Despite losing some starpower, the Roadrunners’ defense should still be stingy.

NCAA Football: Texas-San Antonio at Baylor Jerome Miron-USA TODAY Sports

2017 was a monumental season for the UTSA defense. The Roadrunners ranked in the top ten of most major defensive statistical categories by playing smart and brutal football that often had the opposition moving backwards.

While the graduation of several standouts such as Marcus Davenport, Nate Gaines, Austin Jupe, and La’kel Bass will certainly hurt the defense’s production, the Roadrunners are loaded up with talent to step in and compete without a drastic drop off. Here are five Roadrunners to keep your eye on with the 2018 season quickly approaching.
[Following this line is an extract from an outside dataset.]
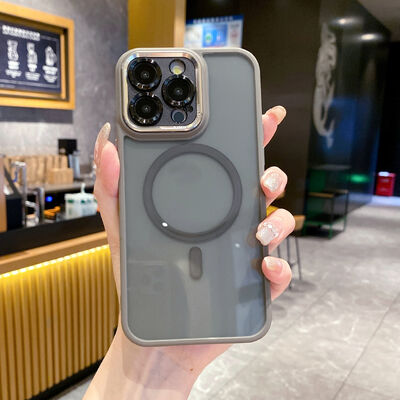 Modisches magnetisches, halbtransparentes Handyhülle stoßfest iPhone 17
Cornerback — Clayton Johnson

UTSA’s two-deep will be flush with new faces this season but few positions will see as much turnover as cornerback. A speedy walk-on who started his collegiate career at Oklahoma State, Clayton Johnson worked his way into a crowded cornerback rotation last season before going down for the year with a knee injury. If the 5’11” junior is fully recovered from his knee injury then he could develop into a real ballhawk for the UTSA defense.

Defensive End — Lorenzo Dantzler

The Last Chance U product Lorenzo Dantzler arrived in San Antonio under lofty expectations. While junior Eric Banks gives UTSA an established pass rush, it’s Dantzler that will determine whether or not the Roadrunners will be able to pressure quarterbacks as consistently as they did in 2017. Based on the early returns of Dantzler’s production in the spring game, the expectations are not out of place. Danztler has fine-tuned his technique and has a frame that’s ready-made to battle with Conference USA offensive tackles.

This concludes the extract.